**Task goal**. Reproduce the lines below exactly, from the one containing "Hello everyone, this" through the one containing "At this time, if", both included. Leave out any pictures.

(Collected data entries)
┄┄┄┄┄┄┄┄┄┄┄┄┄┄┄┄┄┄┄┄

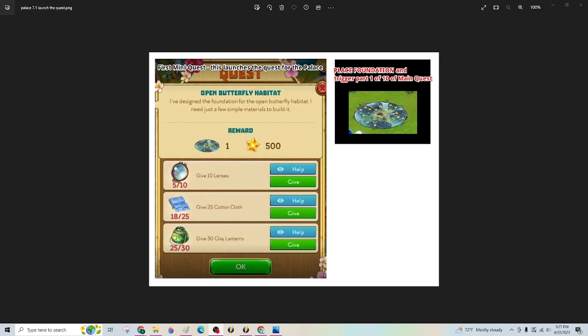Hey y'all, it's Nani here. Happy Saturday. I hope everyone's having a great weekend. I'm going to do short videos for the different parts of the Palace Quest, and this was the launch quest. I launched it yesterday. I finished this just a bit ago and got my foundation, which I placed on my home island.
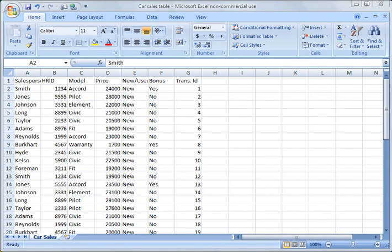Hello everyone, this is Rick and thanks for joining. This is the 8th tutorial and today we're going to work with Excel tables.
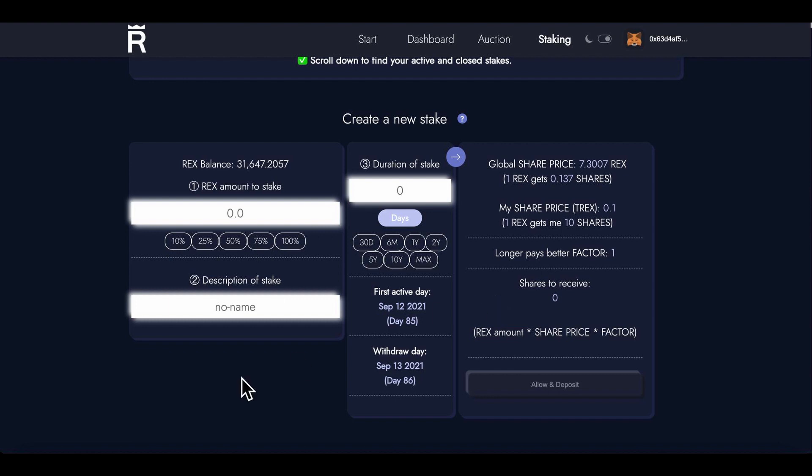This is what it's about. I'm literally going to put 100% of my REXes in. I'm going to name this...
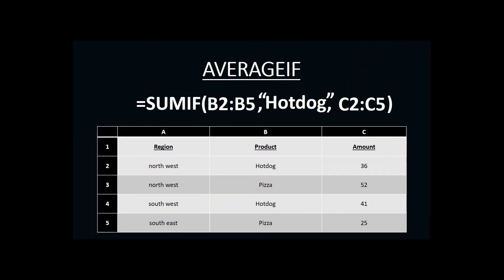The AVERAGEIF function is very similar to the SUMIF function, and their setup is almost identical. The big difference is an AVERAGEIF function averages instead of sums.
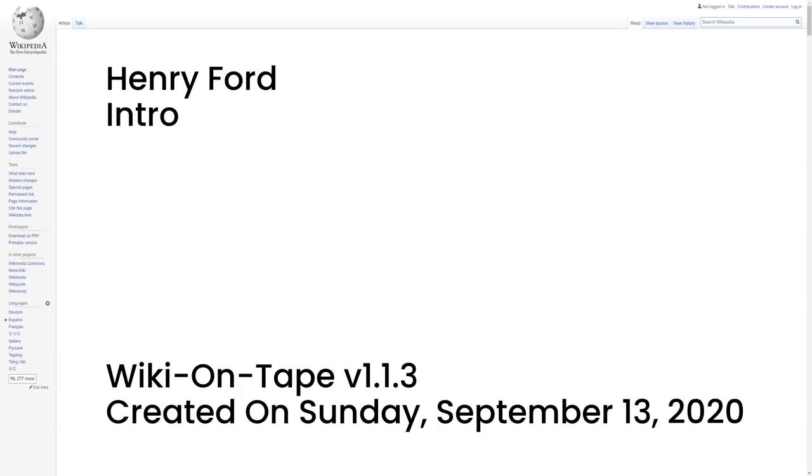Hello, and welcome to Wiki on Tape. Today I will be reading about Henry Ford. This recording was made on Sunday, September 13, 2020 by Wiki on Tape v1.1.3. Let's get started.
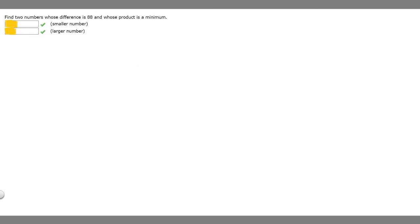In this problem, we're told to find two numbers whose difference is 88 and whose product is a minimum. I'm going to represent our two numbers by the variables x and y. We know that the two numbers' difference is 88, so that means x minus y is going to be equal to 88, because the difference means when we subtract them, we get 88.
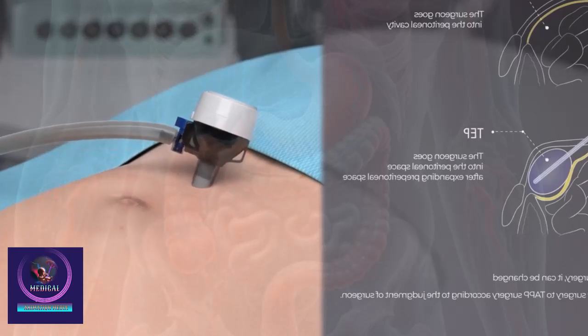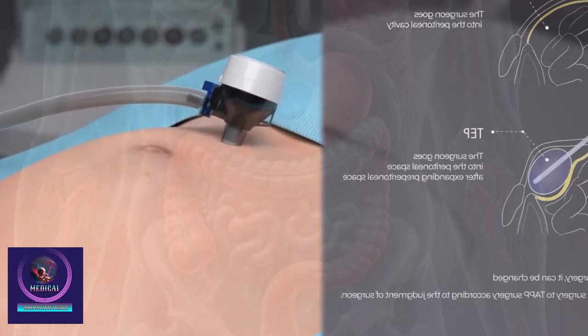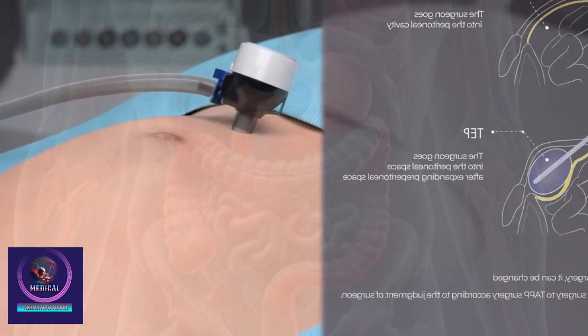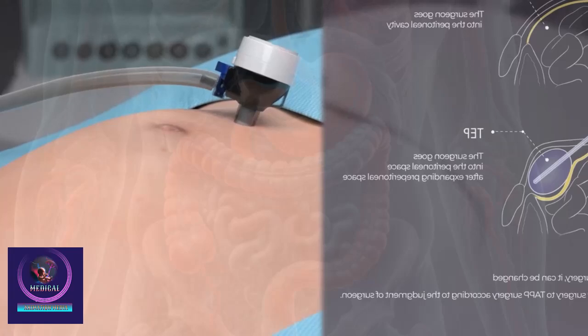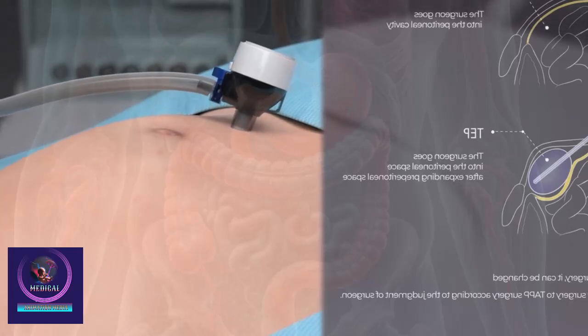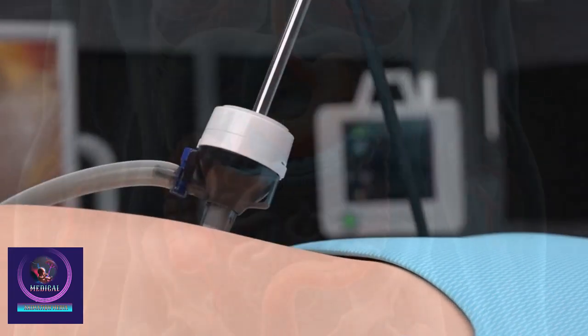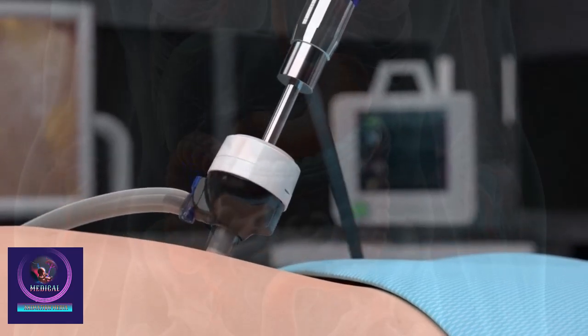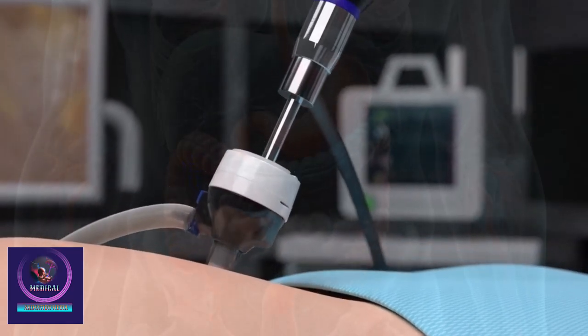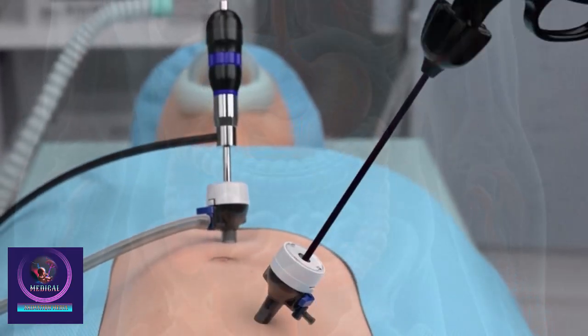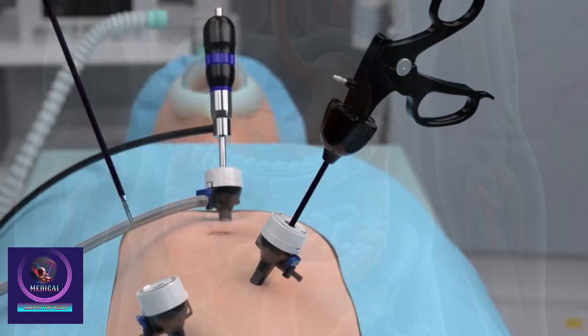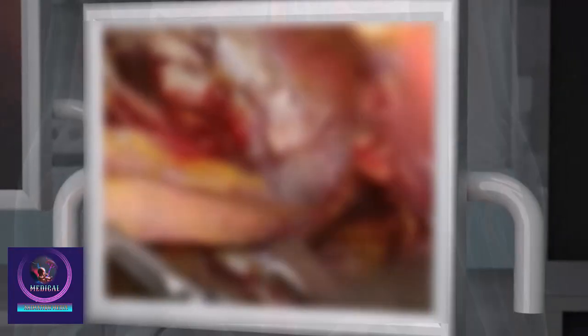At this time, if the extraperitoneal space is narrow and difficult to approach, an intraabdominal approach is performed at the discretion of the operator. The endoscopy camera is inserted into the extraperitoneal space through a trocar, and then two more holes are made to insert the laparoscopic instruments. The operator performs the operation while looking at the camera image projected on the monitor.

┄┄┄┄┄┄┄┄┄┄┄┄┄┄┄┄┄┄┄┄

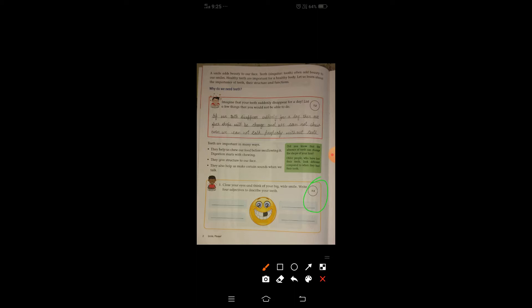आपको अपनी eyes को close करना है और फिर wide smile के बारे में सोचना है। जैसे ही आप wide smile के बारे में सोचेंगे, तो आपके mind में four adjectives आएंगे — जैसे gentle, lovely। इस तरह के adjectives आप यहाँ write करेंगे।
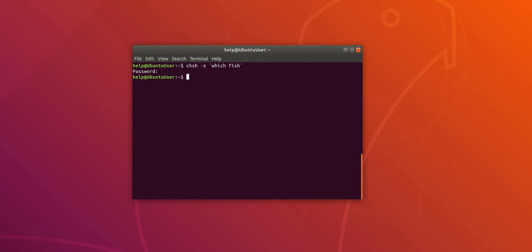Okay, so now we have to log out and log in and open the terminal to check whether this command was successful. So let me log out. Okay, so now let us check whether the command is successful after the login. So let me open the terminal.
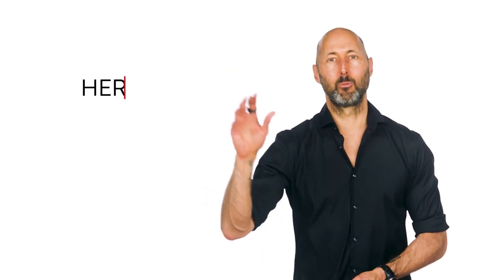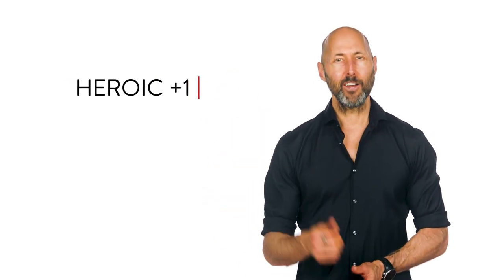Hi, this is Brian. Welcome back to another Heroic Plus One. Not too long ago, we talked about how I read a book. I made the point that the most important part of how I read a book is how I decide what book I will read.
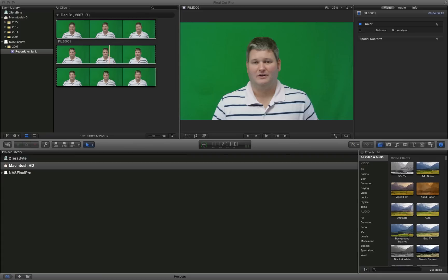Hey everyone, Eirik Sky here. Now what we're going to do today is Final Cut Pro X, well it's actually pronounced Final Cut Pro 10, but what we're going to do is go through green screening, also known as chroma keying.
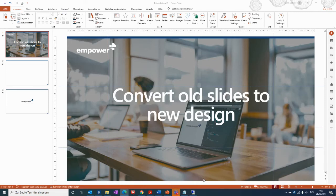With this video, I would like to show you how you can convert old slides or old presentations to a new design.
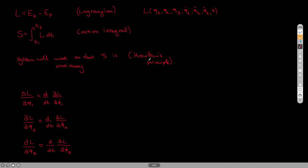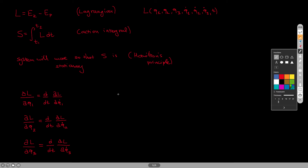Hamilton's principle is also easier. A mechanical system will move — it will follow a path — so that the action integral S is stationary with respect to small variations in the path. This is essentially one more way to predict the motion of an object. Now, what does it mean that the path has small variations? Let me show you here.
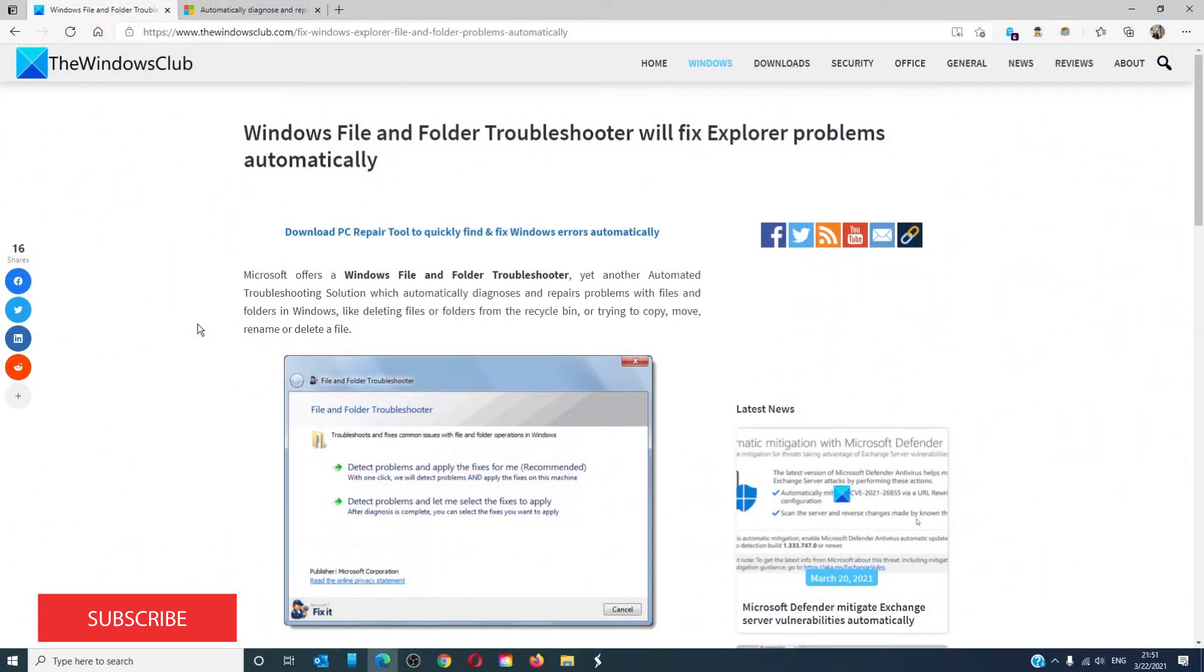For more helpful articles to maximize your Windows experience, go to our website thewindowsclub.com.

┄┄┄┄┄┄┄┄┄┄┄┄┄┄┄┄┄┄┄┄

**Solution to the problem**.
Hello everyone, this is Rick and thanks for joining. This is the 8th tutorial and today we're going to work with Excel tables.
This is what it's about. I'm literally going to put 100% of my REXes in. I'm going to name this...
The AVERAGEIF function is very similar to the SUMIF function, and their setup is almost identical. The big difference is an AVERAGEIF function averages instead of sums.
Hello, and welcome to Wiki on Tape. Today I will be reading about Henry Ford. This recording was made on Sunday, September 13, 2020 by Wiki on Tape v1.1.3. Let's get started.
In this problem, we're told to find two numbers whose difference is 88 and whose product is a minimum. I'm going to represent our two numbers by the variables x and y. We know that the two numbers' difference is 88, so that means x minus y is going to be equal to 88, because the difference means when we subtract them, we get 88.
At this time, if the extraperitoneal space is narrow and difficult to approach, an intraabdominal approach is performed at the discretion of the operator. The endoscopy camera is inserted into the extraperitoneal space through a trocar, and then two more holes are made to insert the laparoscopic instruments. The operator performs the operation while looking at the camera image projected on the monitor.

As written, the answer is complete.